> Task requirements
Print all the data that follows exactly, images excluded.

> Study material
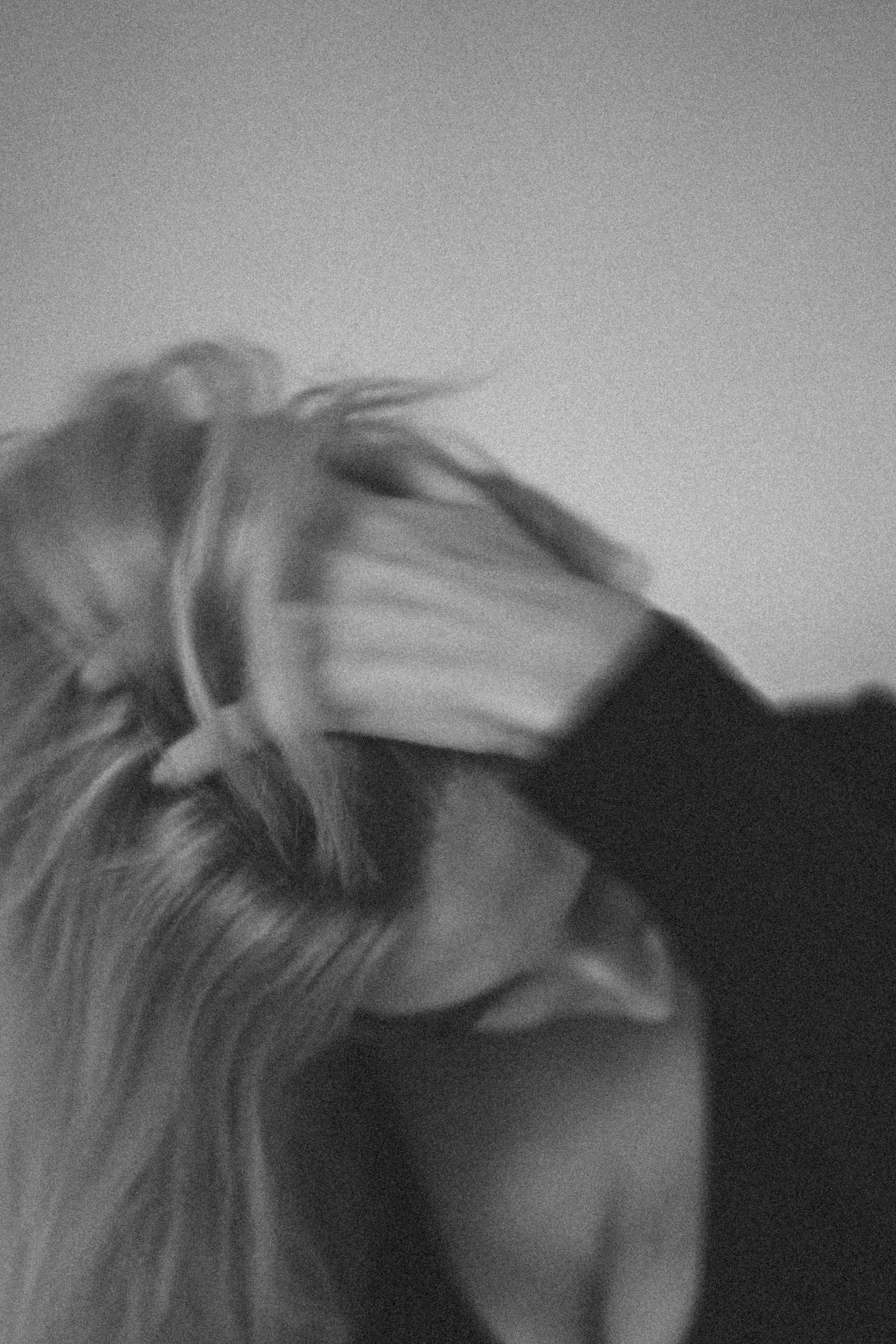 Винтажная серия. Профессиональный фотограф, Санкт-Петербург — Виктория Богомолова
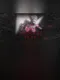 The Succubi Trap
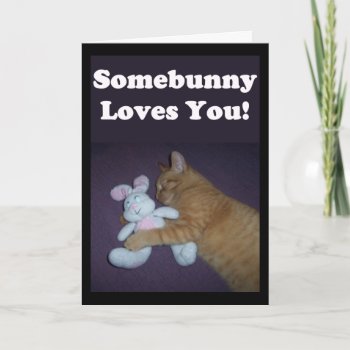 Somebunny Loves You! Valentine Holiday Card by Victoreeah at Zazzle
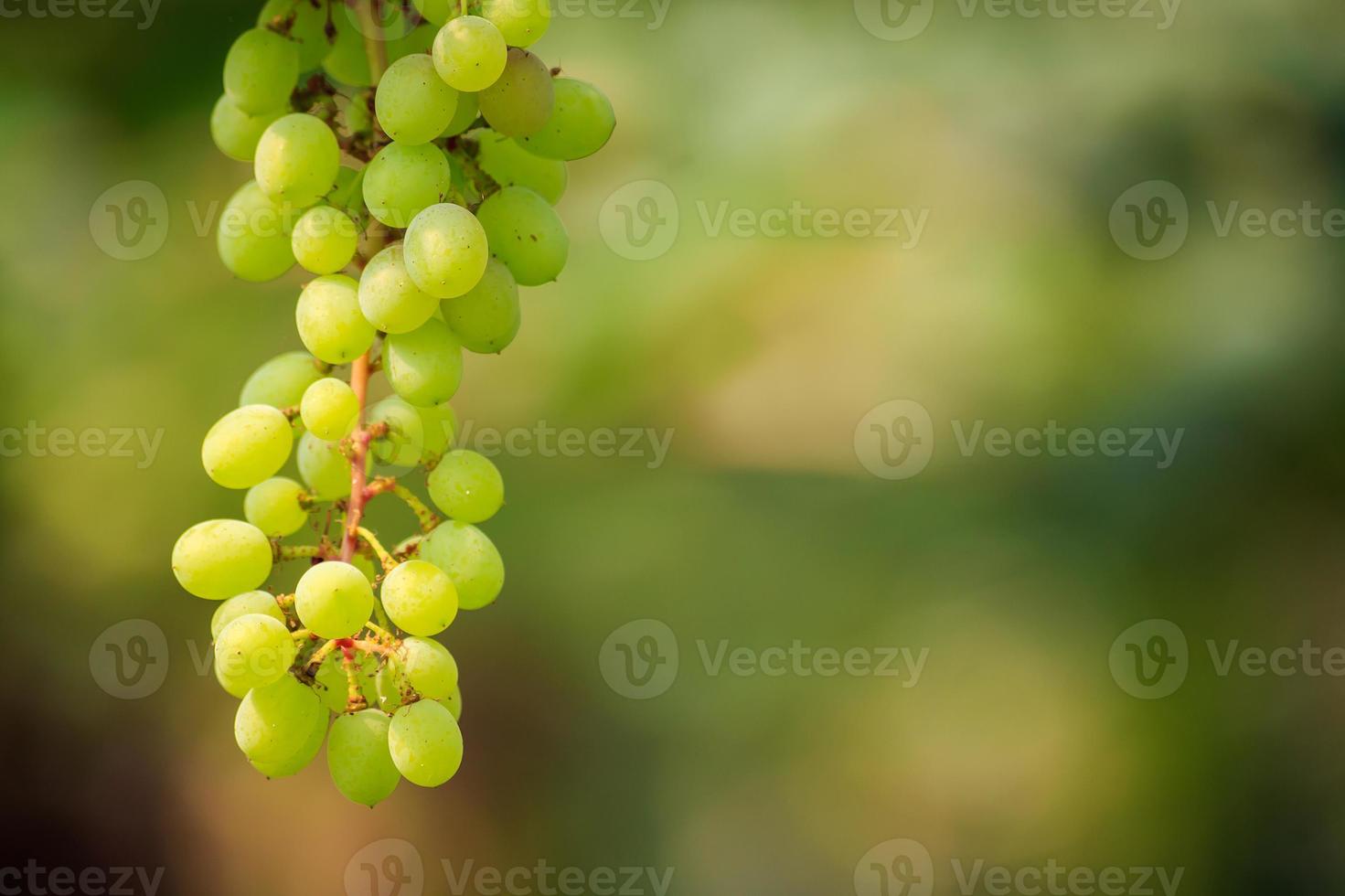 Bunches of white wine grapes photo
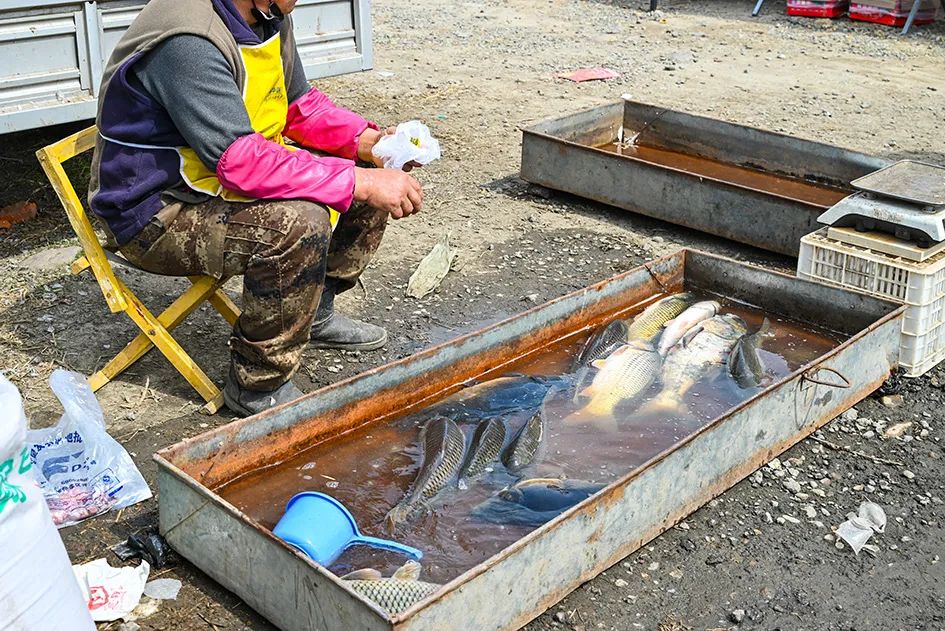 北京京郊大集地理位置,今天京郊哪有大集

> Response for this exercise
 Винтажная серия. Профессиональный фотограф, Санкт-Петербург — Виктория Богомолова
 The Succubi Trap
 Somebunny Loves You! Valentine Holiday Card by Victoreeah at Zazzle
 Bunches of white wine grapes photo
 北京京郊大集地理位置,今天京郊哪有大集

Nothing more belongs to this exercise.